The serval, Leptailarus Serval, is a mid-size wild cat, the tallest of the small cats found in Africa. This carnivorous mammal has several nicknames, including Tierboskat, (Afrikaans), meaning “tiger-forest-cat”, bush cat, and giraffe cat. A highly secretive creature, the serval is found in all kinds of African savannah south of the Sahara (except for the central equatorial region and the very southern part of the continent), preferring areas with tall grass and plenty of water. The serval cat has a long neck and legs, a lean body and big ears. It is closely related to the caracal.
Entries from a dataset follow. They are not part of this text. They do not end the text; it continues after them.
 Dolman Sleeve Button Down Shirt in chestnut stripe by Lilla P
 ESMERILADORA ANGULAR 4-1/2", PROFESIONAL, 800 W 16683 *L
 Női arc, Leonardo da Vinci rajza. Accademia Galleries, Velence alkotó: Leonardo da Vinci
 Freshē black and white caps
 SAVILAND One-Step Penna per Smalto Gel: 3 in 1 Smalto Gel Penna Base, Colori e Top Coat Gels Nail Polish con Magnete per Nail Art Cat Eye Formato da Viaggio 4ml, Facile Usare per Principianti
Servals are the most successful hunters of all cat species. Whereas lions and leopards are only successful in taking down prey 3 or 4 times in every 10 attempts, these little cats are able to make a kill 50% of the time. They are crepuscular – hunting at dusk, and may also hunt at night. Servals have several adaptions which have allowed them to develop into exceptional hunters. They have extremely large ears which act as antennae, with such acute hearing that they can detect their prey underground. Their long necks allow them to see over tall grass; they can jump 2 -3 metres into the air, and can run at a speed of up to 80km/h.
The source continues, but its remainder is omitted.